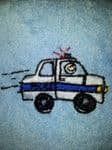 POLICE CAR PERSONALISED TOWEL SET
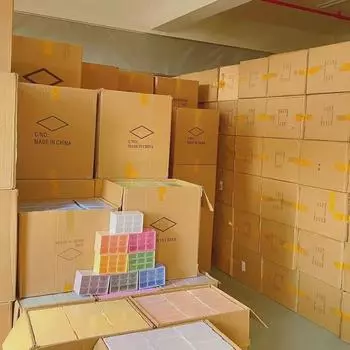 Прозрачный настольный ящик с девятью ячейками для ювелирных изделий и косметики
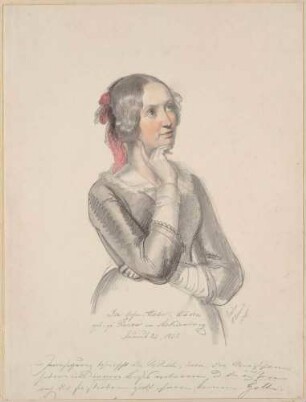 Bildnis Hahn-Hahn, Ida, Gräfin (1805-1880), Schriftstellerin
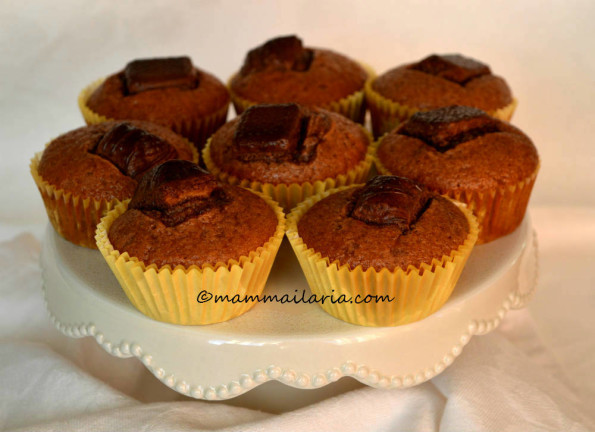 muffin con Kinder Bueno 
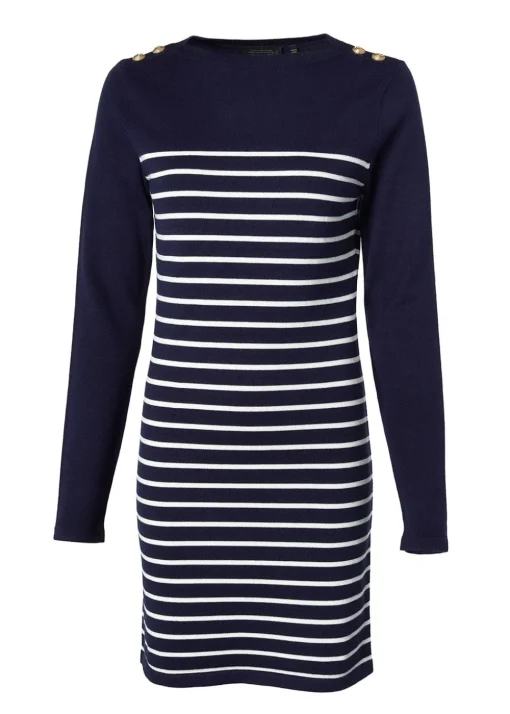 Natalia Mini Dress - Ink Navy Stripe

» **WORK ORDER**
All of the material shown above needs to be duplicated exactly. Omit every picture.

» **ANSWER SECTION**
 POLICE CAR PERSONALISED TOWEL SET
 Прозрачный настольный ящик с девятью ячейками для ювелирных изделий и косметики
 Bildnis Hahn-Hahn, Ida, Gräfin (1805-1880), Schriftstellerin
 muffin con Kinder Bueno 
 Natalia Mini Dress - Ink Navy Stripe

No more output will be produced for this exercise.